Roberts: Distinct Possibility We Won't Be Racing This Year 'Right now, we've got to make a decision: go or no go.' by dean adams (thanks susan)
Thursday, February 15, 2007
Rumors have been swirling for a week or more that Kenny Roberts was considering pulling his team out of MotoGP racing for the 2007 season unless considerable sponsorship can be found to fund his team.
It would not be an overstatement that rumors like that, if they are true, would be the bombshell to end all bombshells. After all, Kenny Roberts not being in MotoGP would mark the end of a 30-year dynasty. In one way, shape, or formeither as a rider, a team manager, or a team ownerKenny Roberts has been a fixture in the Grand Prix paddock.
I called Roberts at his Modesto home this morning and spoke with the former three-time world champion about his team's current status and also the current state of MotoGP racing from his perspective.
Q I'm hearing that, if suitable funding isn't found, you're not going racing this year. What can you tell me?
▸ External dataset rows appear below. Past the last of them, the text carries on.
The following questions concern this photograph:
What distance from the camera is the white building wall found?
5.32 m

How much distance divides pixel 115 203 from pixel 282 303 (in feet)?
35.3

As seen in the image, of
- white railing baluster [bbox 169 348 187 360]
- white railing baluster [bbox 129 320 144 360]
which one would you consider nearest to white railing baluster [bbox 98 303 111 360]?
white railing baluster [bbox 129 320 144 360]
A Well, certainly, we're not a bank. So right now, it doesn't look good. That could change overnight, but at the moment I can say that there's too much funding that's not there.
Q Today the team is in Qatar testing. Do you plan on doing the Jerez test?
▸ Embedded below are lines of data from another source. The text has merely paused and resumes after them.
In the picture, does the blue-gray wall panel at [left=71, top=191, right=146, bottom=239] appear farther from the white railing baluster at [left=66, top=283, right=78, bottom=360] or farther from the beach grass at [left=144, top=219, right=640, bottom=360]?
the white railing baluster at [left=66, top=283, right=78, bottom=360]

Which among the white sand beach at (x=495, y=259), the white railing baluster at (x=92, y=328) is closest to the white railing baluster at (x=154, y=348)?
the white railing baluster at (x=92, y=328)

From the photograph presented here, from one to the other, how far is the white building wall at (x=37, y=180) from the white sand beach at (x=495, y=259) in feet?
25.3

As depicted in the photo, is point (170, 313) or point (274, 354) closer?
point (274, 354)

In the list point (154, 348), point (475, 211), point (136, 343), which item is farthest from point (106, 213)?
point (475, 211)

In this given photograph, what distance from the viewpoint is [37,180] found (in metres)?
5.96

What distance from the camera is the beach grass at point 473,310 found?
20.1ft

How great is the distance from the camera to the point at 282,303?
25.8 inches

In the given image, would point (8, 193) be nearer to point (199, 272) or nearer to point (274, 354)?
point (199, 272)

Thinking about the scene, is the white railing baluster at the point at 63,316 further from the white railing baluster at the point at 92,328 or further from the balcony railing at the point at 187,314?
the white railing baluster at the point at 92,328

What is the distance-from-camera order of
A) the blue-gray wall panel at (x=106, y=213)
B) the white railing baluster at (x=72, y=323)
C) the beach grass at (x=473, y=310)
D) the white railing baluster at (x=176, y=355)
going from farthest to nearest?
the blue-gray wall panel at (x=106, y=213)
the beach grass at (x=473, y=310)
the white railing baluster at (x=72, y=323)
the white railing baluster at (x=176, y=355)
When Michael Jordan's team can't win races, dude, it's not winnable. --Roberts
A Yes. That's where I'll probably end up making my decision whether we would go or no go.
Q Is it a great deal of funding that's needed, or is part of the package?
A Yes, there's part of it in place, and there's not a lot that we would need to do the season. The thing that we don't really want to get into is, is starting to cut everything, and not being able to make what we need to make to do the season properly. So it's a question of yeah, we could probably cut everything back. Not make as many chassis, or not do this and not do that, and probably coast through the season. I don't want to do that. Right now, we have a budget that we can do this season with, and we're short on that budget by about 20%, I would say, right now. The last couple years have not been super years. So we need to step the sponsorship game up a little bit. It's really tough right now, for everybody.
Q It's an interesting contrast. Your team is so successful, and such a great story, but you can't find a sponsor at the moment.
A There is sponsorship there, and you'll see that at Jerez. MotoGP is not the cheapest form of racing in the world. The Honda deal is very successful, but it still costs money.
Q In speaking with your people in the last few years, it's apparent that you've stuck some significant money of your own into your MotoGP effort.
A That's right. Eventually... I've been flying around the world a lot over the past 25 years. The KTM thing was a complete disaster. We simply went on faith of an email and that cost us quite a bit of money. My company is trying - is in the process of diversifying, and even looking at building a track-day bike and things like that. But these things take time. And when you're at a level that you're trying to build a new 800, everything kind of came along at the wrong time for all this stuff to keep going. We had to completely redesign the motorcycle.
Q The move to the 800 era probably wasn't well-timed for Team Roberts.
A That's right. That's right. The sponsorship for MotoGP is - I wouldn't say at an all-time low.
MotoGP's never been better. The television (viewership) in MotoGP is just going up and up and up. The thought of having another one in America is a great thing for us. We're an American team. But certainly, putting this kind of money into this racing team year after year drains the bank account. So I have to make a decision one of these days, "Okay, well, look, we're too short. I'm going to pull the plug."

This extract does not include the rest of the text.